Work request: Restate the data word for word. Leave the pictures out.

Supplied material:
###

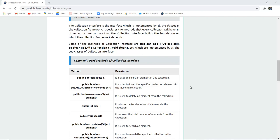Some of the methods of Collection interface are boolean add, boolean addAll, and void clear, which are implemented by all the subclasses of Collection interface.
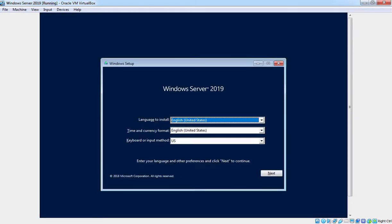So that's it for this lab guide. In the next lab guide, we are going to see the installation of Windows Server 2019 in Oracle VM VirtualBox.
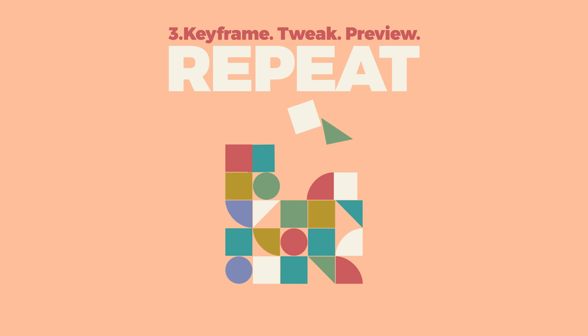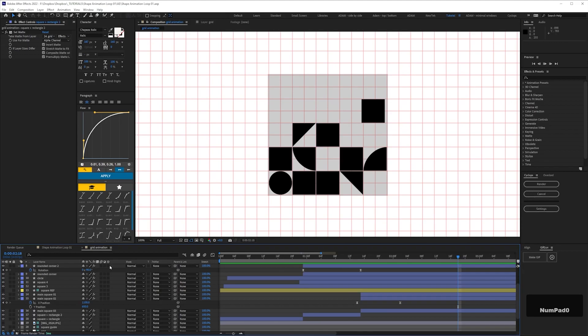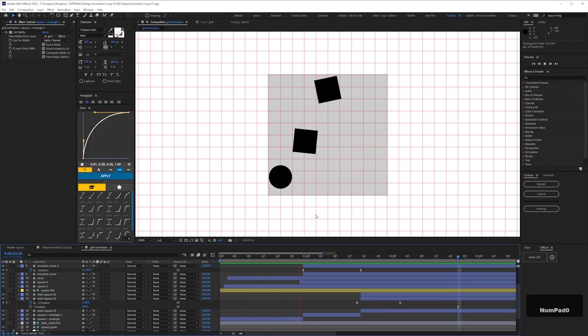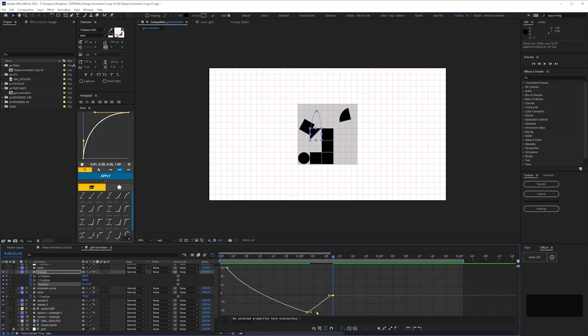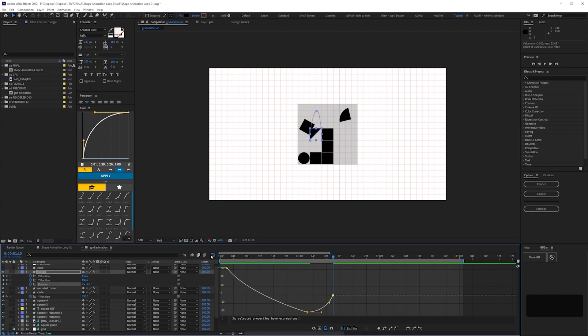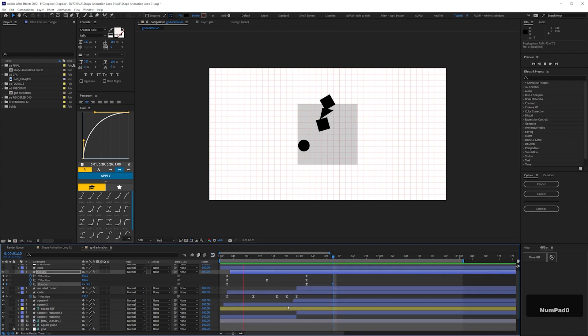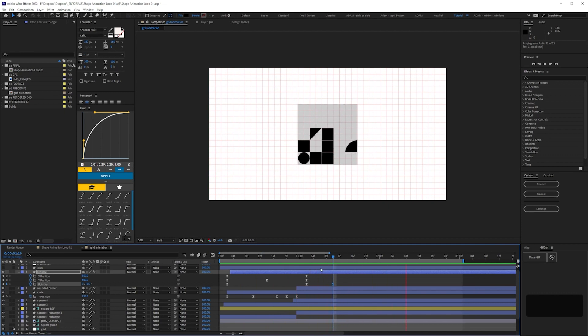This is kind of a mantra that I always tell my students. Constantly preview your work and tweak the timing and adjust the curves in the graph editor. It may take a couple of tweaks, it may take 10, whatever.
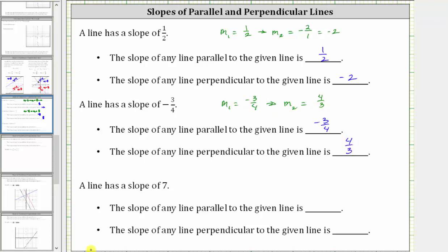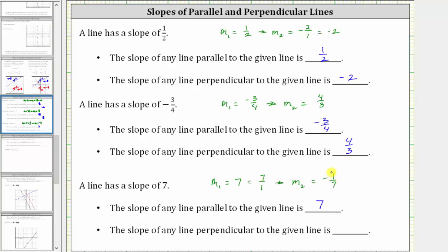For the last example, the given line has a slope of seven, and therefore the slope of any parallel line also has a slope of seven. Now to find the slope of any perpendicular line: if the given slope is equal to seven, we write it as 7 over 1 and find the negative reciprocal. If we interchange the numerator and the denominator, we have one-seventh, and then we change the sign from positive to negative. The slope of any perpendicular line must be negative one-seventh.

###

Task response:
Some of the methods of Collection interface are boolean add, boolean addAll, and void clear, which are implemented by all the subclasses of Collection interface.
So that's it for this lab guide. In the next lab guide, we are going to see the installation of Windows Server 2019 in Oracle VM VirtualBox.
This is kind of a mantra that I always tell my students. Constantly preview your work and tweak the timing and adjust the curves in the graph editor. It may take a couple of tweaks, it may take 10, whatever.
For the last example, the given line has a slope of seven, and therefore the slope of any parallel line also has a slope of seven. Now to find the slope of any perpendicular line: if the given slope is equal to seven, we write it as 7 over 1 and find the negative reciprocal. If we interchange the numerator and the denominator, we have one-seventh, and then we change the sign from positive to negative. The slope of any perpendicular line must be negative one-seventh.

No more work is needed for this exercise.